──────── DATA SHOWN ────────
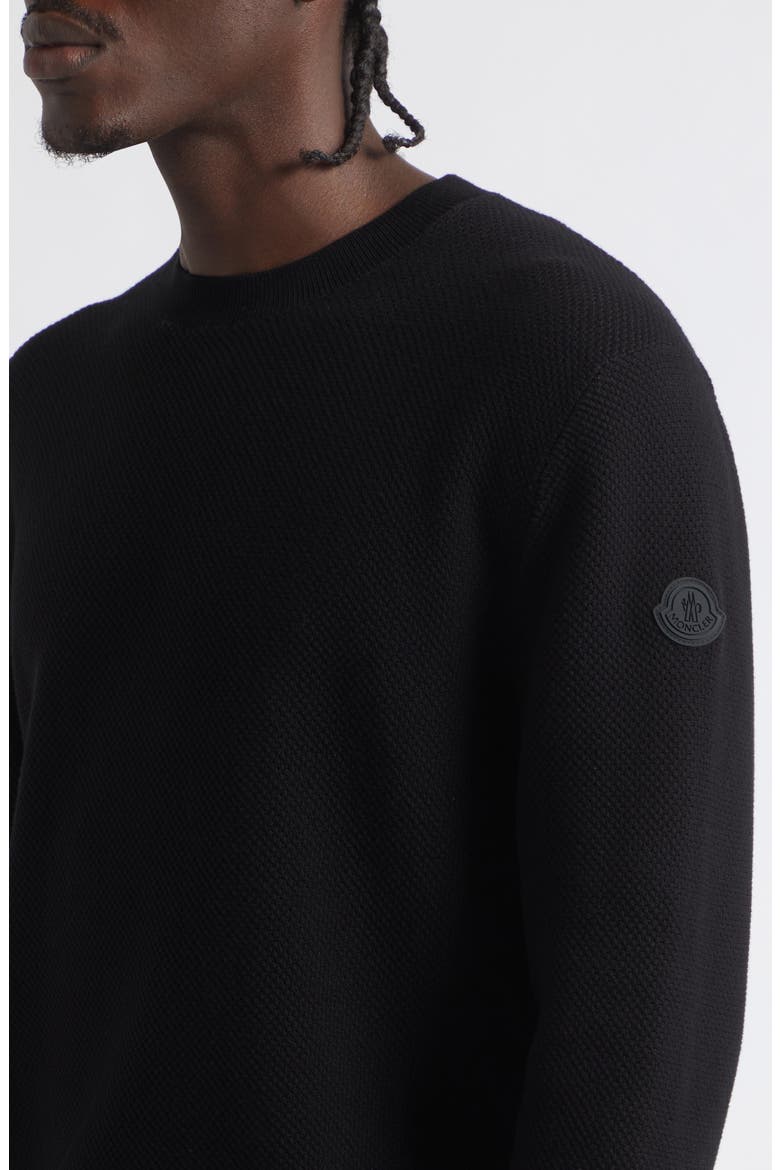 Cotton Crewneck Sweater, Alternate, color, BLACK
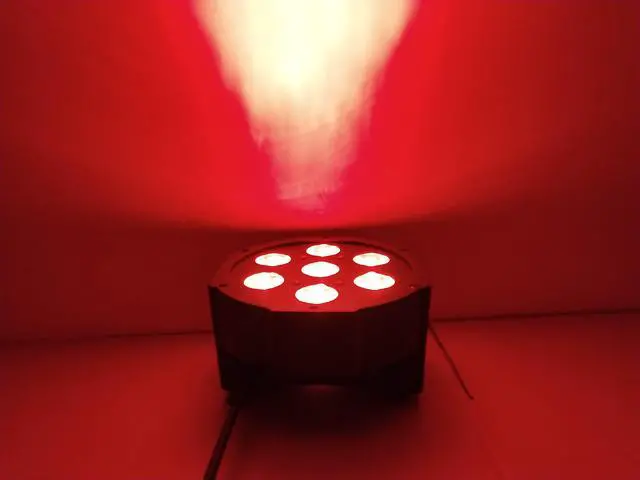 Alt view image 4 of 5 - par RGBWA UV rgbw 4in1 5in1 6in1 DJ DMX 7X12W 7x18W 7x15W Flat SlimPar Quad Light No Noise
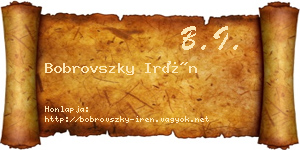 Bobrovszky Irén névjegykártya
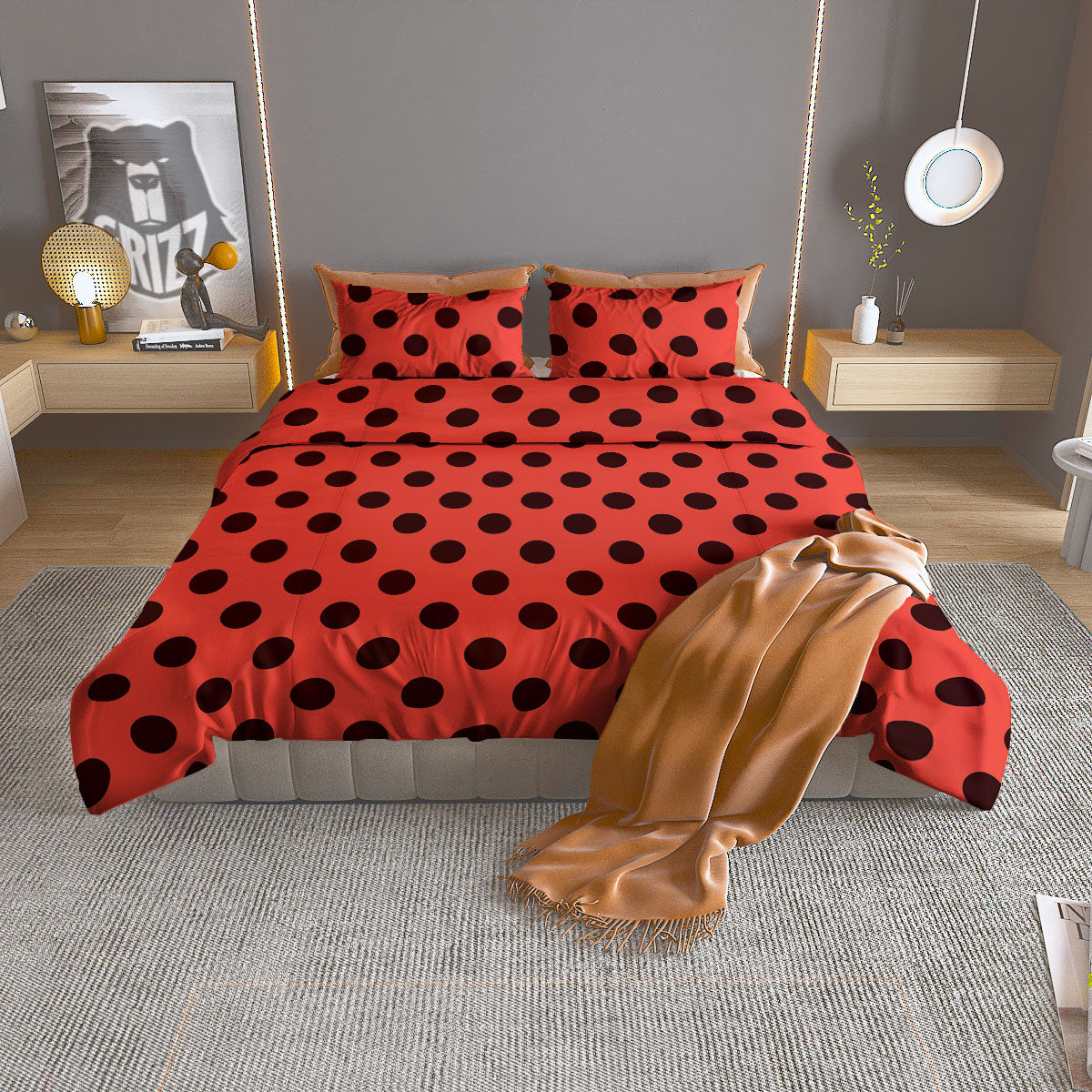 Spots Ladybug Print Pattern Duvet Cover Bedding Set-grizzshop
────────
──────── DATA SHOWN ────────
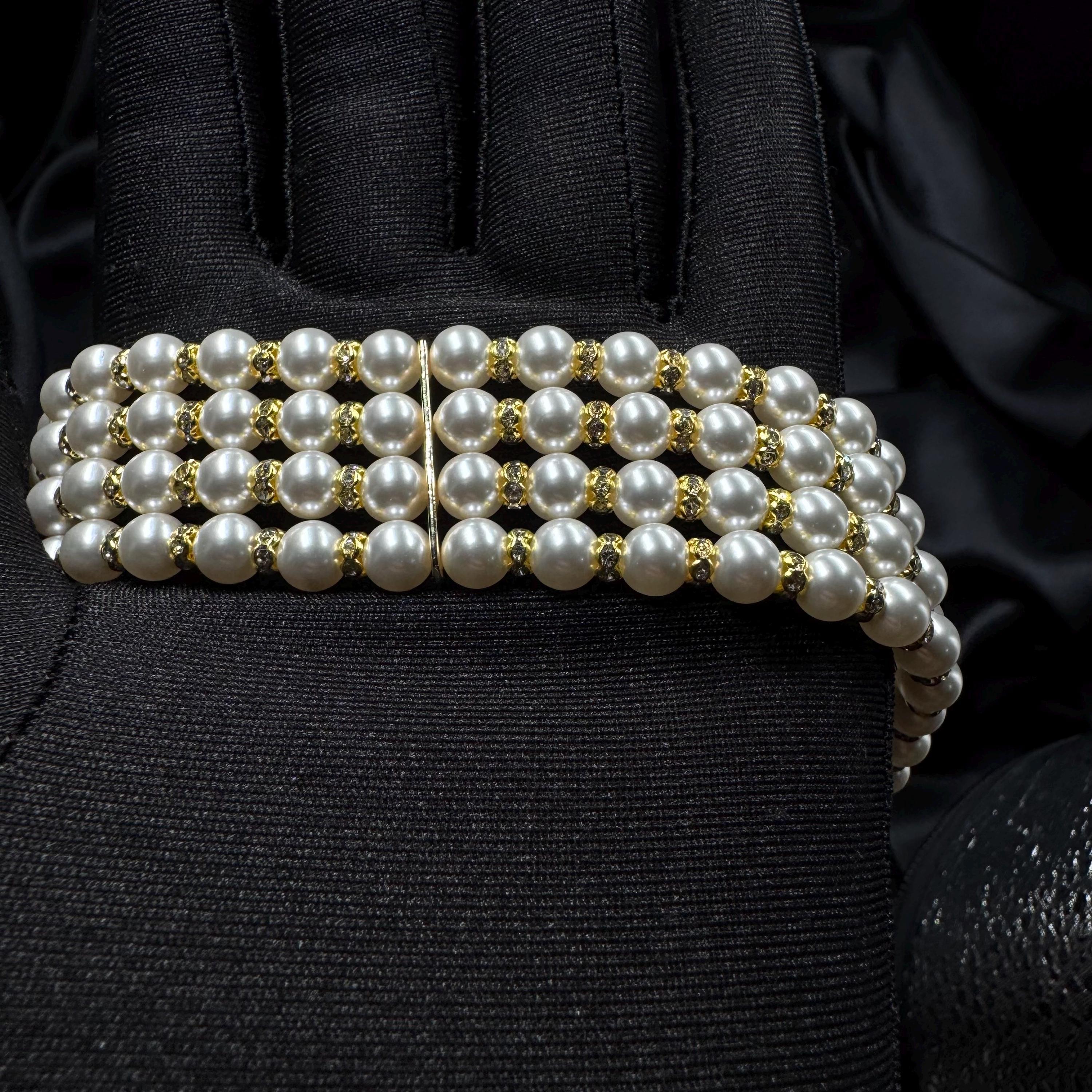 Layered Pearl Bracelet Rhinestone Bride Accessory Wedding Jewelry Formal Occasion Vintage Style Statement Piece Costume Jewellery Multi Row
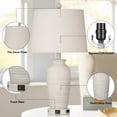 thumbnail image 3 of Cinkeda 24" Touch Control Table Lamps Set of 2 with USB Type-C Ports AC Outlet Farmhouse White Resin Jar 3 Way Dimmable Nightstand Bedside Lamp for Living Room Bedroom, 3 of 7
────────
**YOUR INSTRUCTIONS:** All lines above starting at the one with "Cotton Crewneck Sweater, Alternate, color, BLACK" and ending at the one with "Spots Ladybug Print", inclusive, are to be printed again exactly, with the pictures left out.

**WRITTEN ANSWER:**
 Cotton Crewneck Sweater, Alternate, color, BLACK
 Alt view image 4 of 5 - par RGBWA UV rgbw 4in1 5in1 6in1 DJ DMX 7X12W 7x18W 7x15W Flat SlimPar Quad Light No Noise
 Bobrovszky Irén névjegykártya
 Spots Ladybug Print Pattern Duvet Cover Bedding Set-grizzshop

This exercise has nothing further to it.